> _Problem details_: One exact copy of the listing is needed. It should contain no pictures.

> _Given information_:
++++++++++++++++++++
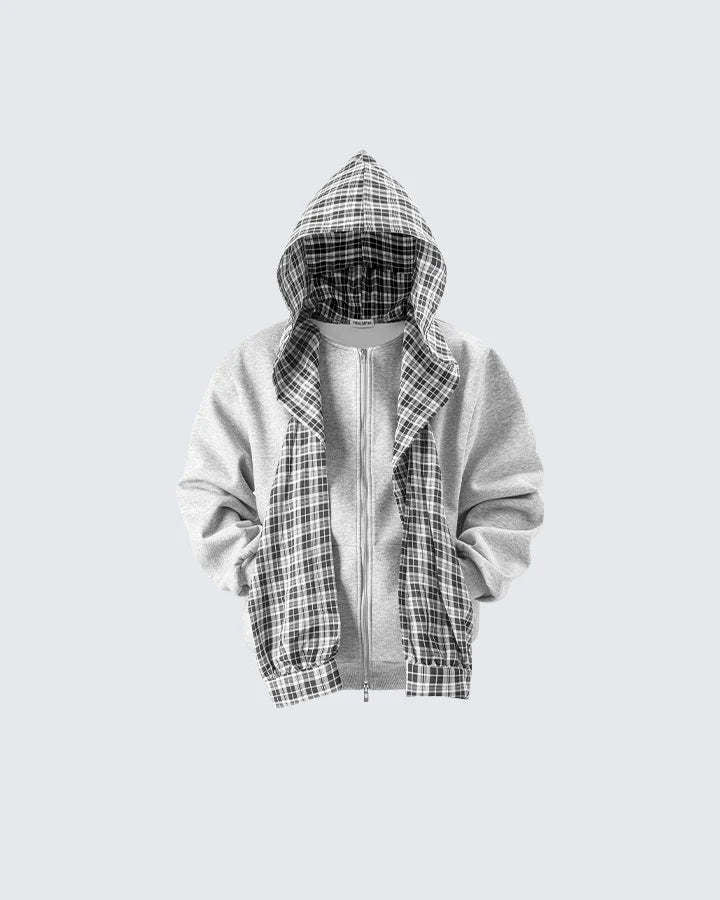 Plaid Scarf Zipper Jacket & Wide Leg Drawstring Pants Setup WN28040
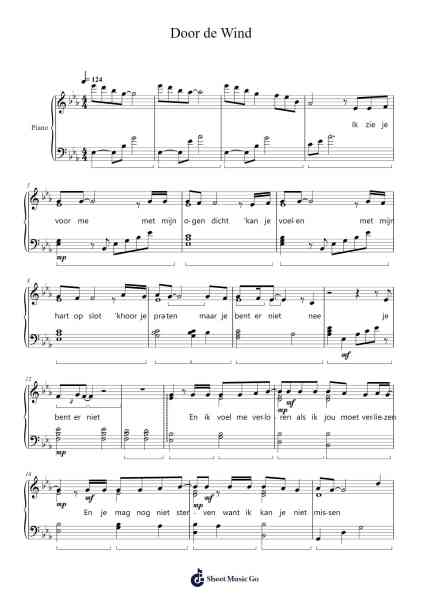 Door de Wind Sheet Music by Stef Bos-Arr.Molsham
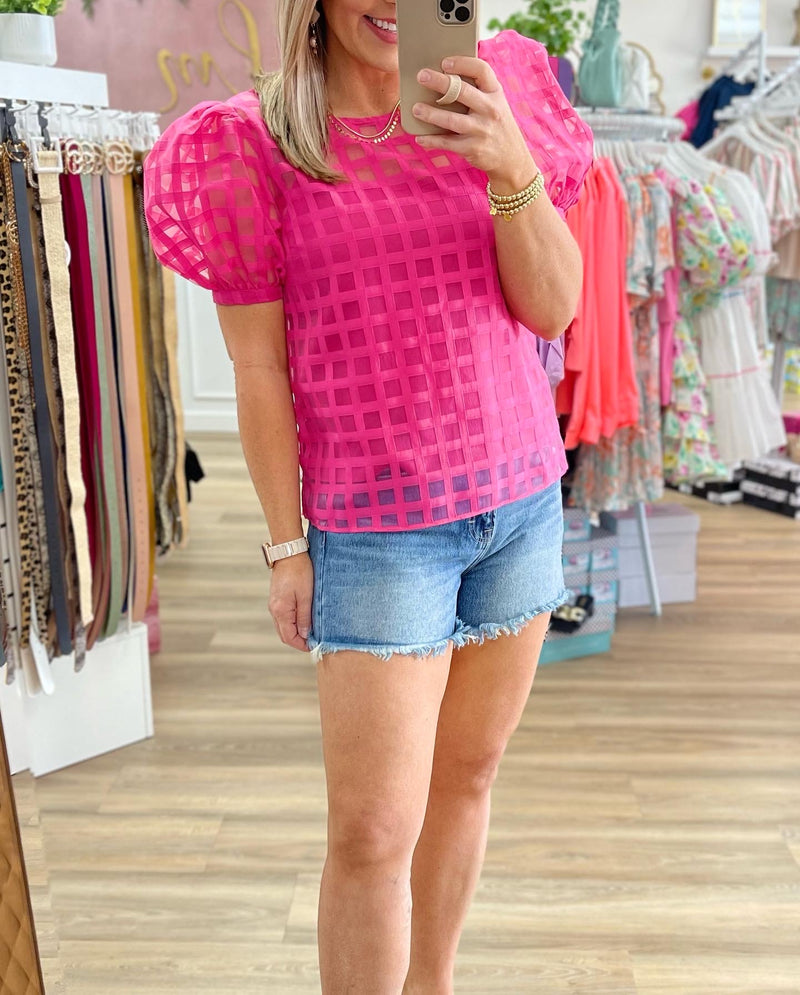 Pink Plaid Puff Sleeve Top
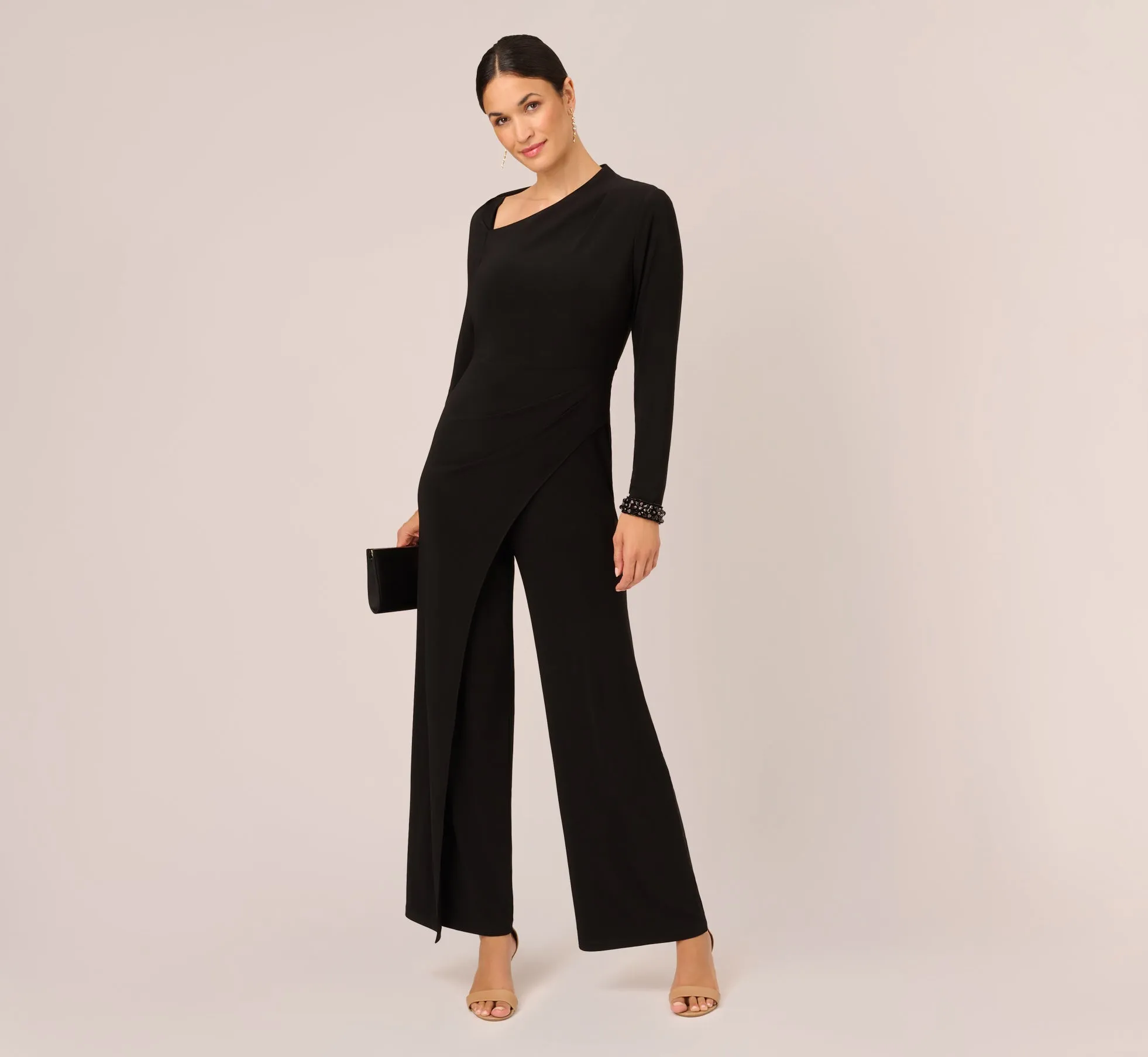 Embellished Jersey Jumpsuit With Asymmetric Neck In Black sold by Adrianna Papell product image thumbnail 2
++++++++++++++++++++
> _Output of the exercise_:
 Plaid Scarf Zipper Jacket & Wide Leg Drawstring Pants Setup WN28040
 Door de Wind Sheet Music by Stef Bos-Arr.Molsham
 Pink Plaid Puff Sleeve Top
 Embellished Jersey Jumpsuit With Asymmetric Neck In Black sold by Adrianna Papell product image thumbnail 2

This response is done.